L’occasion de rencontre de deux frères antinomistes, l’un avocat qui respire la réussite sociale et l’autre ancien proxénète et assassin, est toute conventionnelle puisqu’elle se passe dans un bureau de Notaire, avant et après l’ouverture du testament du père.
On comprend naturellement que ces deux frères ne sont pas faits pour s’entendre mais au fur et à mesure de leurs échanges, l’évocation des souvenirs d’enfance, l’affectif prend le dessus, et c’est assez passionnant d’observer les retournements de leurs pensées, de les voir remuer leur mémoire flétrie comme des vieux arbres qui penchent leurs branches pour atteindre un monceau de feuilles mortes, leur humus, dont les senteurs exhalent encore une lueur d’amour.
Les deux personnages font partie de ces gens qui ne livrent jamais leurs émotions intimes ou alors en avançant masqués par une agressivité de bonne guerre ou des propos convenus. Chacun a la tentation de rester isolé, muré dans son identité sociale, car la déchirer c’est réveiller de sourdes douleurs. Le fait est que les deux frères conscients de n’avoir plus guère de temps à vivre, vont éprouver leur dernière chance de renouer des liens rompus par des années de silence.

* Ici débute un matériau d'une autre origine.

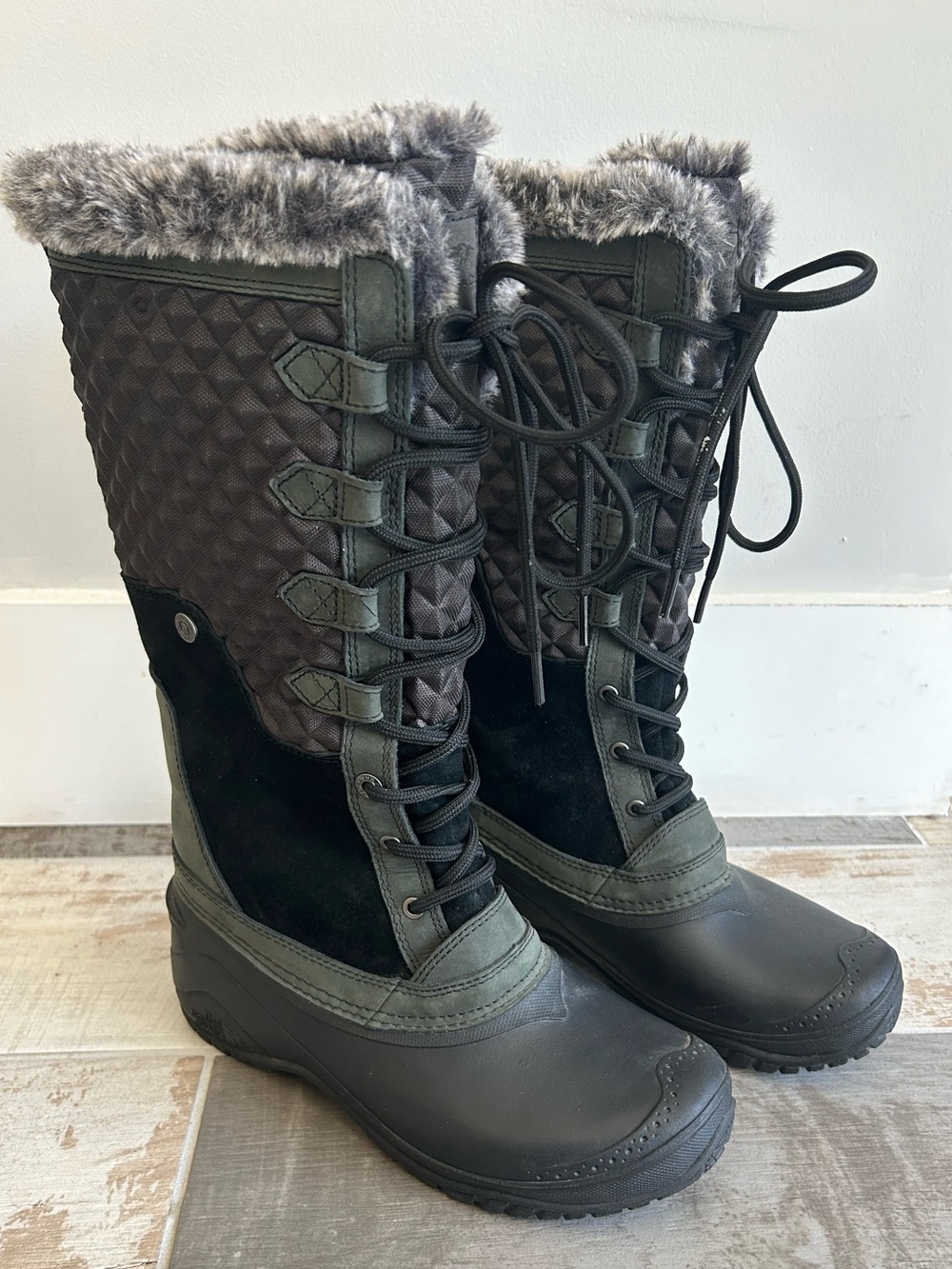 The Northern Face Shellista III Tall Waterproof  Boots Black Green Women’s Size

Ils se sont détestés, peuvent ils s’aimer encore ? Pierre SANTINI et Jean-Pierre KALFON forment un superbe couple sur scène, c’est un plaisir de retrouver toute l’épaisseur humaine de Pierre SANTINI et l’aspect lumineux et farouche de Jean-Pierre KALFON. Un beau tableau vivant que celui de ces deux frères, fort bien éclairé par la mise en scène de Delphine DE MALHERBE et signé par un portraitiste de talent Dominique WARLUZEL.